Articles | Volume 16, issue 12
Research article
01 Dec 2016
Research article |  | 01 Dec 2016

Contribution of storms to shoreline changes in mesotidal dissipative beaches: case study in the Gulf of Cádiz (SW Spain)

María Puig, Laura Del Río, Theocharis A. Plomaritis, and Javier Benavente

Abstract. In this study an analysis of storminess and rates of shoreline change is performed and discussed jointly in four geomorphological units of the Gulf of Cádiz (SW Spain) for the period of 1956–2010. For this purpose, storm events are identified based on the following characteristics: wave height above 2.5 m, a minimum duration of 12 h and events with calm periods of less than 24 h were considered as a single event.
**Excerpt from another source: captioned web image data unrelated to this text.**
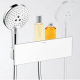 Шланговое подключение HANSGROHE Fixfit Porter 300 26456400 держатель для душа, хром/белый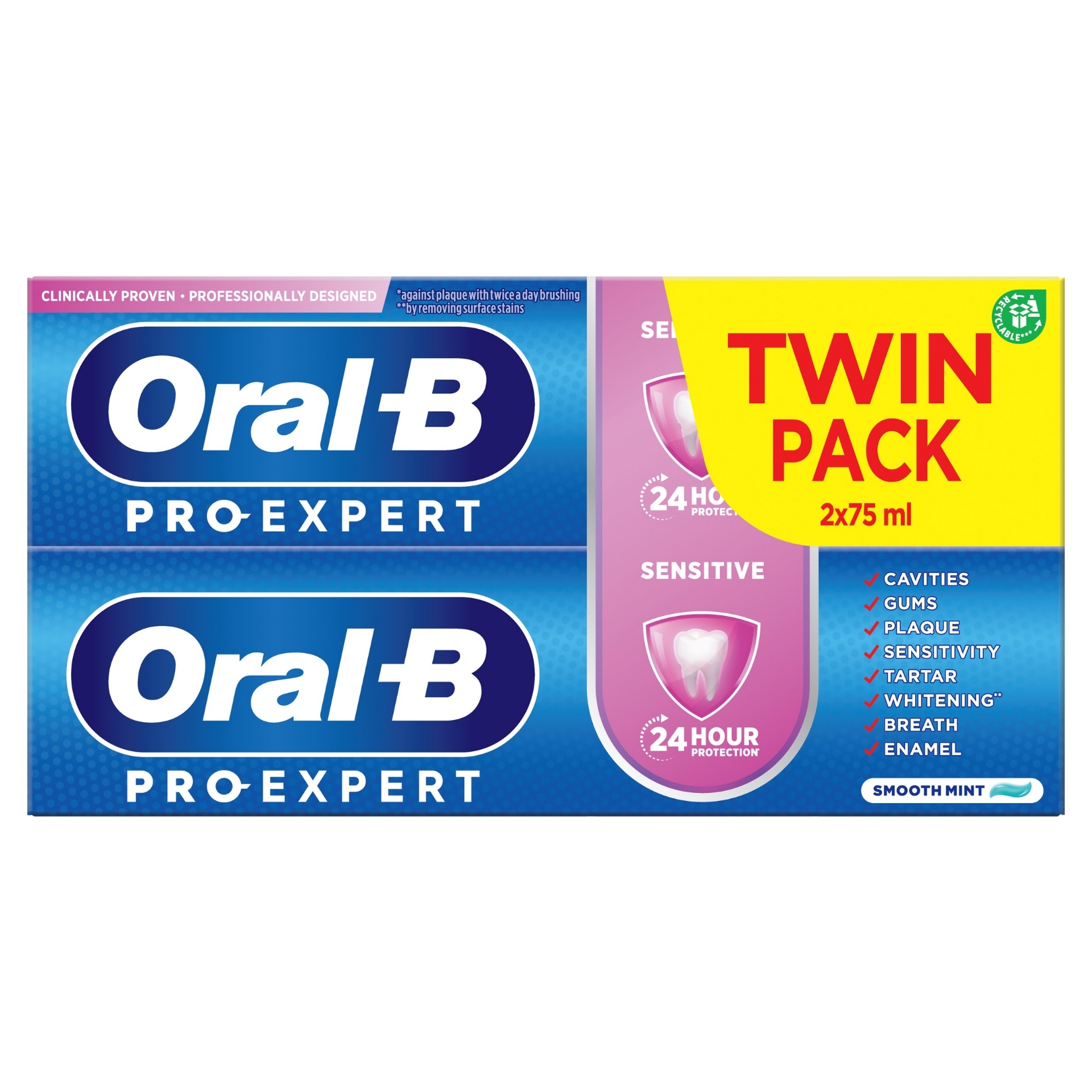 Picture of ORAL B PRO-EXP TOOTHPASTE SENSITIVE TWIN-MINT(wsl)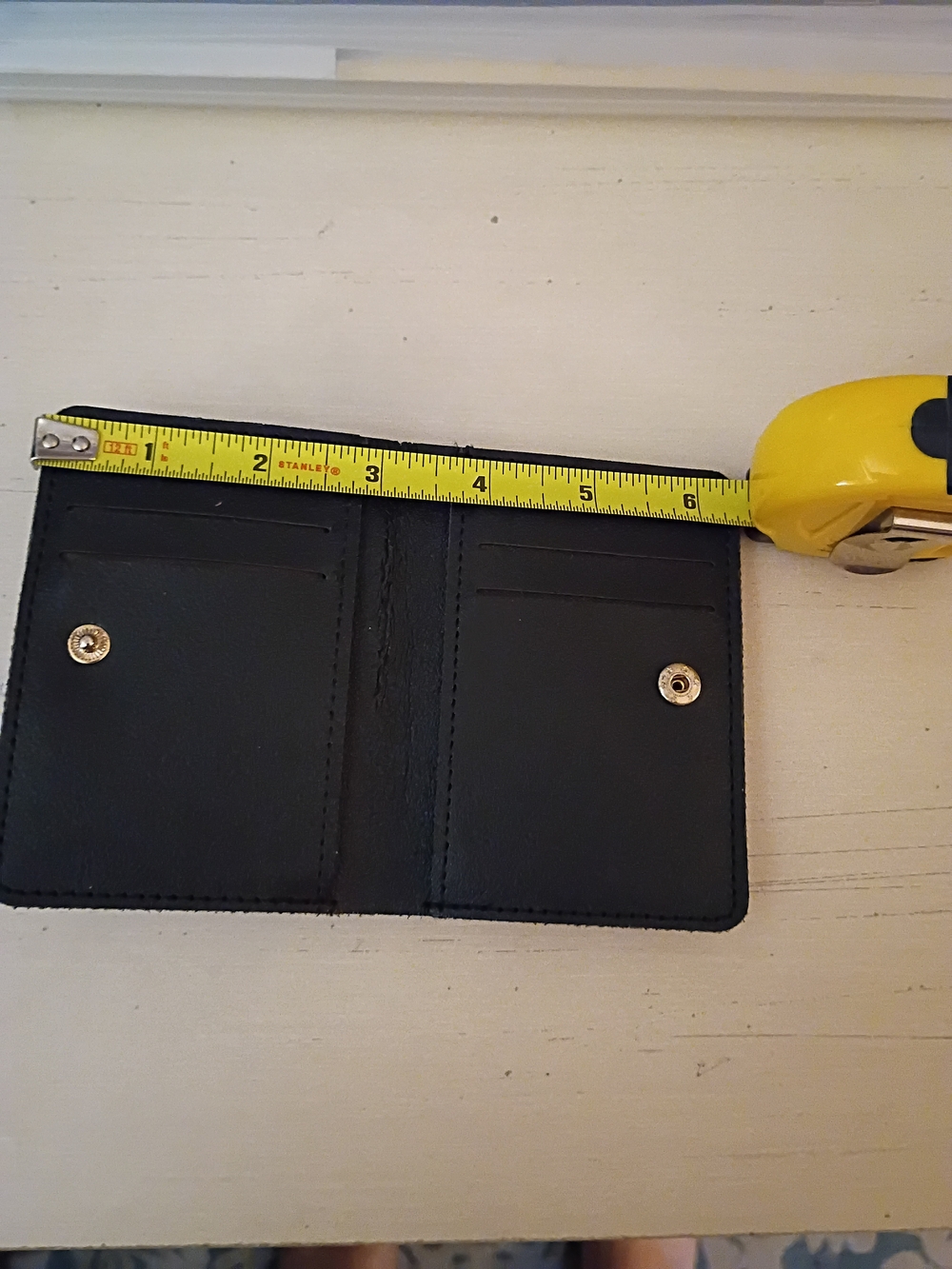 Black Men's Bifold Card Wallet - Unbranded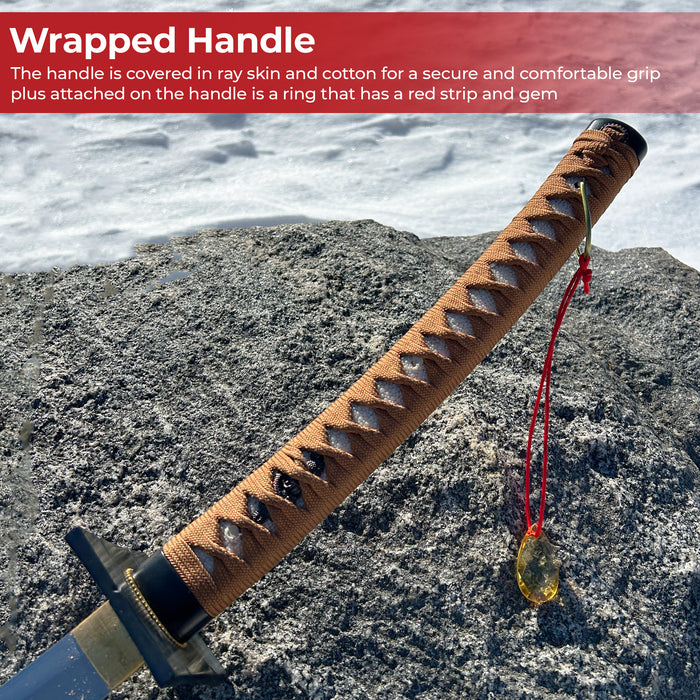 Afro Samurai handmade Tachi katana sword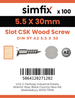 Simfix product label - 97A255030-D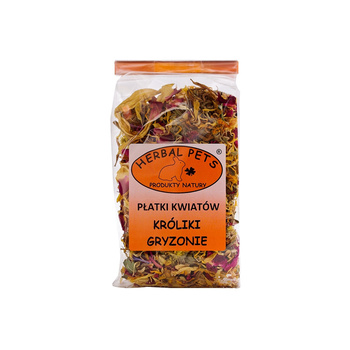 HERBAL Płatki kwiatów - Króliki gryzonie 30g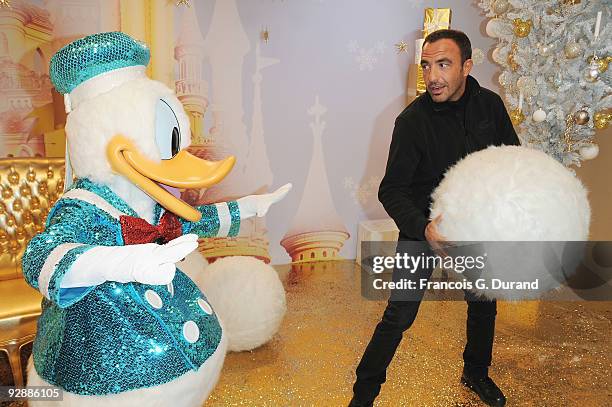 Nikos Aliagas attends the Disneyland Magic Christmas Season Launch at Disneyland Resort Paris on November 7, 2009 in Paris, France.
Subsequently, energy parameters are determined in order to characterize storm-induced impacts. Conversely, geographic information system (GIS) tools are used to measure shoreline changes in aerial photographs and orthophotographs of each site, selecting the high water line as shoreline proxy. Each geomorphological unit is divided into different behavioural patterns according to recorded coastal changes, so that each one shows a particular behaviour.

In general the variability of shoreline changes that is explained by storms and the relation between storm parameters and coastal changes present better results in exposed areas (Cádiz and Vistahermosa) than in sheltered areas (Valdelagrana spit barrier) because the former are more sensitive to storm impacts. On the contrary, in areas where there is no relation between coastal changes and storm parameters (Valdelagrana and Sancti Petri sand spit), it is suggested that anthropogenic factors are the main forcing agents determining shoreline behaviour. However, in these areas the storminess also modulates coastline recession by increasing erosion when the number of storms is high.

Short summary
This work evaluates shoreline response to storm impacts at four beaches in SW Spain by comparing medium- and short-term rates of shoreline change and storm parameters. Results show that shoreline behaviour is mainly determined by both anthropogenic and geological factors. Moreover, a correlation is found between storm parameters and shoreline changes in exposed areas with a low degree of human intervention. This work provides a useful contribution to the prediction of coastal variations.